* TASK DETAILS
From the data that follows, print exactly the lines starting at the one containing "Review photo from Jaime" and ending at the one containing "Центральная нервная система"; include both of them and nothing more.

* EXTRACTED INFORMATION
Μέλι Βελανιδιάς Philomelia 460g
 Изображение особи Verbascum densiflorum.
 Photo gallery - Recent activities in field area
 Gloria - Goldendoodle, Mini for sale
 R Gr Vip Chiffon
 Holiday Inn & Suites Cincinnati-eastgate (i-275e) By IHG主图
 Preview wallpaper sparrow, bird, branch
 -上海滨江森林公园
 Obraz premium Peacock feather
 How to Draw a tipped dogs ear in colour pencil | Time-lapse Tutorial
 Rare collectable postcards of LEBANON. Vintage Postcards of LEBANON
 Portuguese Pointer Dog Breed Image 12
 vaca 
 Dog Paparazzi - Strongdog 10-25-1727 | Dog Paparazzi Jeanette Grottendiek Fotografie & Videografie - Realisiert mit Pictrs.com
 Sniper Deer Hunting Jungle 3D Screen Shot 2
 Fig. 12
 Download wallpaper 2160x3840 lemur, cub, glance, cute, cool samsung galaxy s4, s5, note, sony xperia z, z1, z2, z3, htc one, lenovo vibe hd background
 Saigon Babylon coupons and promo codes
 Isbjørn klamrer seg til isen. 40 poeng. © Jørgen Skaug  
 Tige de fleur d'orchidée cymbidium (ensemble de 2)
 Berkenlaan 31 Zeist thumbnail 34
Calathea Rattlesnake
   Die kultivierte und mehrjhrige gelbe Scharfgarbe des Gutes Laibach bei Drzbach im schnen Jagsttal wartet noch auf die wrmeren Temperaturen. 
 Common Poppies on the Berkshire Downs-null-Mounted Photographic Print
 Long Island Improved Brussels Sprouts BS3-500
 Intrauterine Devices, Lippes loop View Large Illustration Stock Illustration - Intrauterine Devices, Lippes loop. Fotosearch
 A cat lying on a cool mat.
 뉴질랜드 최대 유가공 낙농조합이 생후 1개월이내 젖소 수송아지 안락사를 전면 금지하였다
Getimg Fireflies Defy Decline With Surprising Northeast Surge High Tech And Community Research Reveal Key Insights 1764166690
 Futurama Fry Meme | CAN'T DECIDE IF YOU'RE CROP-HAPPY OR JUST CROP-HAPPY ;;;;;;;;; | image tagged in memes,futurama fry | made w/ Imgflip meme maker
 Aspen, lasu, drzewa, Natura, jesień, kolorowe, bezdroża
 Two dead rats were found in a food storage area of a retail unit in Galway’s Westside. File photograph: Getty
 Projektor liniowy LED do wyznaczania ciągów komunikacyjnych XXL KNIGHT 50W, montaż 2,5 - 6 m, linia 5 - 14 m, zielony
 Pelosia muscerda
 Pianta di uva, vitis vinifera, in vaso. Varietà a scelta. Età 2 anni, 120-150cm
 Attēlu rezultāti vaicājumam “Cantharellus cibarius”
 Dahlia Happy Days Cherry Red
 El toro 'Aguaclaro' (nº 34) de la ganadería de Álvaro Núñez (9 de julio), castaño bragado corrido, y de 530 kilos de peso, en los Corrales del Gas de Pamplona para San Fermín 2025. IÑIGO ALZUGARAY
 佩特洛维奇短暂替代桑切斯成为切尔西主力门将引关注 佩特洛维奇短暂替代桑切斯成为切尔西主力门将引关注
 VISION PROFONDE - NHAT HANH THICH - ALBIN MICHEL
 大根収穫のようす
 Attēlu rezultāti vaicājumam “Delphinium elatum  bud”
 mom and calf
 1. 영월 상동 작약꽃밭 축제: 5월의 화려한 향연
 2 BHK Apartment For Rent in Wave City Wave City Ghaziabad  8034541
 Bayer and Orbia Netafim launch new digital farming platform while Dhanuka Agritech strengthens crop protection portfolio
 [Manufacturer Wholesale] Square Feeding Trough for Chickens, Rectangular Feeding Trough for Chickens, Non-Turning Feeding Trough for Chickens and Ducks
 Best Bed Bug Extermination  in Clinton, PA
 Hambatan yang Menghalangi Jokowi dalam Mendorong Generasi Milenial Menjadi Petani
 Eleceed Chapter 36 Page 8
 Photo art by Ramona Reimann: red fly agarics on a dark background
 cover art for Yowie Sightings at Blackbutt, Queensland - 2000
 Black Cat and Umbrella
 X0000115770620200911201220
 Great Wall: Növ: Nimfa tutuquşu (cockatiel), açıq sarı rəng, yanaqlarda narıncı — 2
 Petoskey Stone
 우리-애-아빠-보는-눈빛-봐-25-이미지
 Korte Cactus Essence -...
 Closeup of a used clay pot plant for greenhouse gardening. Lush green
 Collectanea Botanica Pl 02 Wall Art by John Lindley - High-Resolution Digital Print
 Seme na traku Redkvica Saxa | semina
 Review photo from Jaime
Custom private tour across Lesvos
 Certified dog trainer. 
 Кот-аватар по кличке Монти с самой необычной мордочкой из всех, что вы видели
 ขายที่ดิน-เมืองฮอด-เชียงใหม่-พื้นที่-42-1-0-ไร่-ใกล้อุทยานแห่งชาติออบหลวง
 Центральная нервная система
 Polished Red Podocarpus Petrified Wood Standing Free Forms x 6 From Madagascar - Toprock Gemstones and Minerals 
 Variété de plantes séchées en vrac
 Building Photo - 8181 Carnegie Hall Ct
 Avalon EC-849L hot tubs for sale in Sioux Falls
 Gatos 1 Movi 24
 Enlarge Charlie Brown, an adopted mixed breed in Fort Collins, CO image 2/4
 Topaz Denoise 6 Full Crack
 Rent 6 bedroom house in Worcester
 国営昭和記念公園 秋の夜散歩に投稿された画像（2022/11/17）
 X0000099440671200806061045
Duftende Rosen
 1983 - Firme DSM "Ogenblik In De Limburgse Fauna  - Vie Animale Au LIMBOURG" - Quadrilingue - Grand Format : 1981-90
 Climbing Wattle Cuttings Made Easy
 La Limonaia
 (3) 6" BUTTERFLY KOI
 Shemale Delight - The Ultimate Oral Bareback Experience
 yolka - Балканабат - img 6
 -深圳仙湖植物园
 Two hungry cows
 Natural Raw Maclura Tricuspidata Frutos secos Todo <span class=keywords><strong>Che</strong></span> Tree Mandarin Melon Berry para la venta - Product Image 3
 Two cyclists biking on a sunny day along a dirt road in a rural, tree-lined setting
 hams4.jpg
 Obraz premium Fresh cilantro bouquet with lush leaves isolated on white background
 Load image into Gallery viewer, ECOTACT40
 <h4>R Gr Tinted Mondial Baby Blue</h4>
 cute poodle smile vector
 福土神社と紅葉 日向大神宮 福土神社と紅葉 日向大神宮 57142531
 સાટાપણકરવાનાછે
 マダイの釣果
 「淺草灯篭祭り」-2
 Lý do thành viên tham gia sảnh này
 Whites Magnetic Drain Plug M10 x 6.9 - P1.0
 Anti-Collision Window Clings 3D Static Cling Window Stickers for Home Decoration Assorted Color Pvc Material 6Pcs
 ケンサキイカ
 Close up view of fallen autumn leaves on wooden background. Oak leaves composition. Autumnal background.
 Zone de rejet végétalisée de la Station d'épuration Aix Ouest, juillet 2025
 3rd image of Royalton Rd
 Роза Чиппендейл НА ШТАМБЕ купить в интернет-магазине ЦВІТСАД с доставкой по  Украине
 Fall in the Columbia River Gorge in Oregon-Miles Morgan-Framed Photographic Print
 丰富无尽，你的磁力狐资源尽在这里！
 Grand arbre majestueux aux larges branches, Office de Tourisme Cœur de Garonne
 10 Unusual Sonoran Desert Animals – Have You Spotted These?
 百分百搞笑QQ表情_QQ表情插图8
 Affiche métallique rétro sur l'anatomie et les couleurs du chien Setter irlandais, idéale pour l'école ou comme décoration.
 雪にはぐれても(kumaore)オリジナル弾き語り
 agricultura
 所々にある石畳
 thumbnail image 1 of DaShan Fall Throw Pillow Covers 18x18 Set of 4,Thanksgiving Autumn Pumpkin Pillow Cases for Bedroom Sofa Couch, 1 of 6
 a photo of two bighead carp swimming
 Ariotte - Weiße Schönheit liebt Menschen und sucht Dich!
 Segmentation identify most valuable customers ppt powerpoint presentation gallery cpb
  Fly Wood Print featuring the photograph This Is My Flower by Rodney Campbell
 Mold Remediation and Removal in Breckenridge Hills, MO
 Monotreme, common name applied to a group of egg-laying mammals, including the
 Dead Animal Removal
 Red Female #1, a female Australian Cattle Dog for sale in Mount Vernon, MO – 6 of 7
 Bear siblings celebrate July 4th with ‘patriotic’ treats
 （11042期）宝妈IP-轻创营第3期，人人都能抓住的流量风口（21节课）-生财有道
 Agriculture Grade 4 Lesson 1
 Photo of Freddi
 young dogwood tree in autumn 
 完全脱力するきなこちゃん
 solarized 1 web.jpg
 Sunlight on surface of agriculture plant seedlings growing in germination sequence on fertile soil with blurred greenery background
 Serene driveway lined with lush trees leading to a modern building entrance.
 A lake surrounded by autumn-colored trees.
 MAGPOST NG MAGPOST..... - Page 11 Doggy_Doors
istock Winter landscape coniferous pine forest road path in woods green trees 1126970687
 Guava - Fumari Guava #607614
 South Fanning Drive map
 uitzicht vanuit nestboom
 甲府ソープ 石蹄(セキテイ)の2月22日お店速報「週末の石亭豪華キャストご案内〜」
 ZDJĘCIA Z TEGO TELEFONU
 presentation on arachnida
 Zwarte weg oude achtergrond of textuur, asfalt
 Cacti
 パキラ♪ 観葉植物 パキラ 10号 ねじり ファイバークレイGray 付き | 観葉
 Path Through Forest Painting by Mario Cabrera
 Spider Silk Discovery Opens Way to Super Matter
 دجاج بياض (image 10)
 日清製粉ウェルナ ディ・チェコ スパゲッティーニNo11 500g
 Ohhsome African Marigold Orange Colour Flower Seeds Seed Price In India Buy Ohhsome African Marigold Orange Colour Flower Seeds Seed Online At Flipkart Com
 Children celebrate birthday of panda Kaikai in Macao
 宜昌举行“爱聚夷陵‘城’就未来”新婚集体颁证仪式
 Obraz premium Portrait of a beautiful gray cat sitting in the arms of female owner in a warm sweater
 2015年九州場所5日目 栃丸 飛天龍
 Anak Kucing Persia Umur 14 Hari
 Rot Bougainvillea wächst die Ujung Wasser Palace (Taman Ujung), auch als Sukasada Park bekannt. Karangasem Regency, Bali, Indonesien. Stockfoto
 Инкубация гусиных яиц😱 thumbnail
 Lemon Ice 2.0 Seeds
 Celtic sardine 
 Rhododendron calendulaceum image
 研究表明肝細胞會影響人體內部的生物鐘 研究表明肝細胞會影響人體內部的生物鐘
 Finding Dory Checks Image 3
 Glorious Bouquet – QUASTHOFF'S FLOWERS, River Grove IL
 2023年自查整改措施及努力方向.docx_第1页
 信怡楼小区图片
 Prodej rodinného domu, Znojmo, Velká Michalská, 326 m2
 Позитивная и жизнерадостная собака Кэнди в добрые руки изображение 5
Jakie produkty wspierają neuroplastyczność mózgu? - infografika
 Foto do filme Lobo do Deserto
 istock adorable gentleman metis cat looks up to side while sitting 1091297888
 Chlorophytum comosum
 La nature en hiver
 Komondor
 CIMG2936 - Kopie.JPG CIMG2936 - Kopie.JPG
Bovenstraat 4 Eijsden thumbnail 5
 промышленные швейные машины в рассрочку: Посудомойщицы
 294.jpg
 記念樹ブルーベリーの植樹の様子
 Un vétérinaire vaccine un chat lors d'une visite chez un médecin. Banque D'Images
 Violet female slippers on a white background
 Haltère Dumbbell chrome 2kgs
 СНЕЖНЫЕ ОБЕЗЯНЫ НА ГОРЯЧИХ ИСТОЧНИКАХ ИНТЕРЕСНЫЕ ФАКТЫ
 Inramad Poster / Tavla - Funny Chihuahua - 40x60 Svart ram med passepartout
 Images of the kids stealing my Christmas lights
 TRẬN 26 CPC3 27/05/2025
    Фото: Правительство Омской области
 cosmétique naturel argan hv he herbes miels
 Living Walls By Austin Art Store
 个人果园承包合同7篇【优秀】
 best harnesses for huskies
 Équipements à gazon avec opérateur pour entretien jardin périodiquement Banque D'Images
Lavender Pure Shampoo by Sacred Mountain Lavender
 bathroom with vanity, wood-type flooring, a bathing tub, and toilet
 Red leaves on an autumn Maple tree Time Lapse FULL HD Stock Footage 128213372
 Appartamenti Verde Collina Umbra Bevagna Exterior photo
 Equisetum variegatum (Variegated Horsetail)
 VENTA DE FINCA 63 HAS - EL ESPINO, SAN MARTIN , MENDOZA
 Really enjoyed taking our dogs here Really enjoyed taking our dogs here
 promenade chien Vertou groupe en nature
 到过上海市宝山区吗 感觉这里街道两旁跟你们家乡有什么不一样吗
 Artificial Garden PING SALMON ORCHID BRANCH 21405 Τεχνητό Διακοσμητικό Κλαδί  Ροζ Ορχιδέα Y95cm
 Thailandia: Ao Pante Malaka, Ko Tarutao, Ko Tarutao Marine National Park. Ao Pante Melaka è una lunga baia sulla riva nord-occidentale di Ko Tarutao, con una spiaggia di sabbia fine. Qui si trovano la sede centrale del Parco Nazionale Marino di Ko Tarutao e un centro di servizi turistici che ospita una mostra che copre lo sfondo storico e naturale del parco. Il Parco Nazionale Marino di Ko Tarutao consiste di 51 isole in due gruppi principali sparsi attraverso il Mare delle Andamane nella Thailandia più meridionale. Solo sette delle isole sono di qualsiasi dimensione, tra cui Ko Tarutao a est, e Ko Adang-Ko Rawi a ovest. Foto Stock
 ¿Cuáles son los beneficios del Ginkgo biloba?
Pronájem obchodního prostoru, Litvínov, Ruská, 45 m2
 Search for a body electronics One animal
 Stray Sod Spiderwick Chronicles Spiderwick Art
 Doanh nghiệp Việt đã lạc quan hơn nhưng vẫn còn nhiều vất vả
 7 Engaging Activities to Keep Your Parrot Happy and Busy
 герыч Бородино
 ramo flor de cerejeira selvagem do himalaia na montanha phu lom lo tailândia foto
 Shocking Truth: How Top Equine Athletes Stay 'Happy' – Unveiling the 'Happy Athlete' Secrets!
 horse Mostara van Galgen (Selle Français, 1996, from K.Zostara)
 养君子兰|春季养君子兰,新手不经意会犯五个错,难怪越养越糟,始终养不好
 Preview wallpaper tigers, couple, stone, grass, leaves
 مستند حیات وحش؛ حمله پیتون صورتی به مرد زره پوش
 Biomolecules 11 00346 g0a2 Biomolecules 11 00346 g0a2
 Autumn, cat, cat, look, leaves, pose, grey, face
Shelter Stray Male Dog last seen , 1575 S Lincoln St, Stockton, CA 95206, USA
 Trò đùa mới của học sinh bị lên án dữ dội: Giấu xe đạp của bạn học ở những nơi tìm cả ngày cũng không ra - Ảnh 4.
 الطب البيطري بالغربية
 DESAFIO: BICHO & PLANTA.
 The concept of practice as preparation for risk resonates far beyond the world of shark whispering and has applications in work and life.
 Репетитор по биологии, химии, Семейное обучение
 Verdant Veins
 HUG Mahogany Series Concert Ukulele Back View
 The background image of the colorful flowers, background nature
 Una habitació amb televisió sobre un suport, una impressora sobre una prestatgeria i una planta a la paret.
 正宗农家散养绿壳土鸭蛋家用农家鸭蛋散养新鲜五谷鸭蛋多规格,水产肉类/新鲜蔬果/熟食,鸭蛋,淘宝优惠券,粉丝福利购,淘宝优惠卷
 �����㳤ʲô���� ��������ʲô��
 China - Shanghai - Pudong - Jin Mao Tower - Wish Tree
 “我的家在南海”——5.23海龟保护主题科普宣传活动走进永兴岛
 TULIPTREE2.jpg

* ANSWER SECTION
 Review photo from Jaime
Custom private tour across Lesvos
 Certified dog trainer. 
 Кот-аватар по кличке Монти с самой необычной мордочкой из всех, что вы видели
 ขายที่ดิน-เมืองฮอด-เชียงใหม่-พื้นที่-42-1-0-ไร่-ใกล้อุทยานแห่งชาติออบหลวง
 Центральная нервная система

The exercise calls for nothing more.